Beim Rissfortschrittskonzept (RFK) wird davon ausgegangen, dass im Bauteil bereits eine Rissinitiierung stattgefunden hat. Bei diesem bruchmechanischem Ansatz werden Rissform und Rissgröße als bekannt vorausgesetzt und die Lebensdauer bis zum Anriss bleibt in der Regel unberücksichtigt. Im Gegensatz zu den zuvor beschriebenen Konzepten wird hier nicht der Anriss, sondern das Risswachstum bis zu einer kritischen Risslänge untersucht, bei der es aufgrund der Querschnittsschwächung zum Restbruch kommt.
Da an der Rissspitze die Beanspruchungen sehr hohe, theoretisch unendlich große Werte annehmen können, sind örtliche Spannungen und Dehnungen als kennzeichnende Beanspruchungsgrößen ungeeignet. Stattdessen wird der von der Risslänge und der Spannungshöhe abhängige Spannungsintensitätsfaktor K bei der linear-elastischen Bruchmechanik (LEBM) mit vernachlässigbaren kleinen plastischen Zonen an der Rissspitze verwendet. Große plastische Rissspitzenbeanspruchungen können durch die elastisch-plastische Bruchmechanik (EPBM) erfasst werden.
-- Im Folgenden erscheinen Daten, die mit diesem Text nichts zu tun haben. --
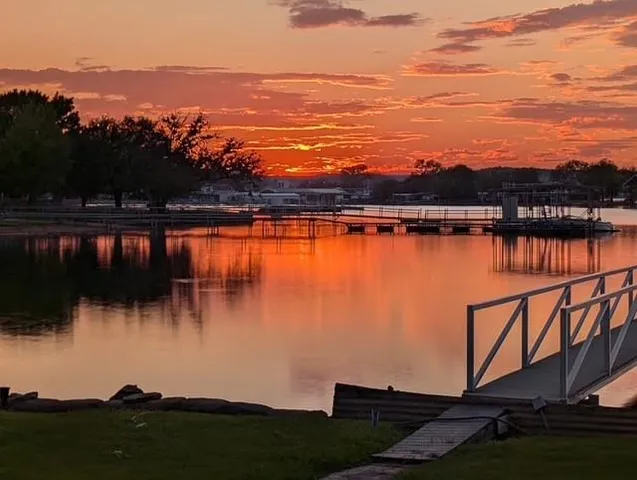a view of a lake from a yard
Das Hauptanwendungsgebiet im Stahlbau liegt weniger im Ersatz der spannungsbasierten Ermüdungsberechnung als vielmehr in der Bewertung von Rissen und rissartigen Imperfektionen. Insbesondere zur Abschätzung der Restlebensdauer kann das Rissfortschrittskonzept verwendet werden, um notwendige Inspektionsintervalle oder Materialzähigkeiten zur Vermeidung von Sprödbrüchen zu definieren.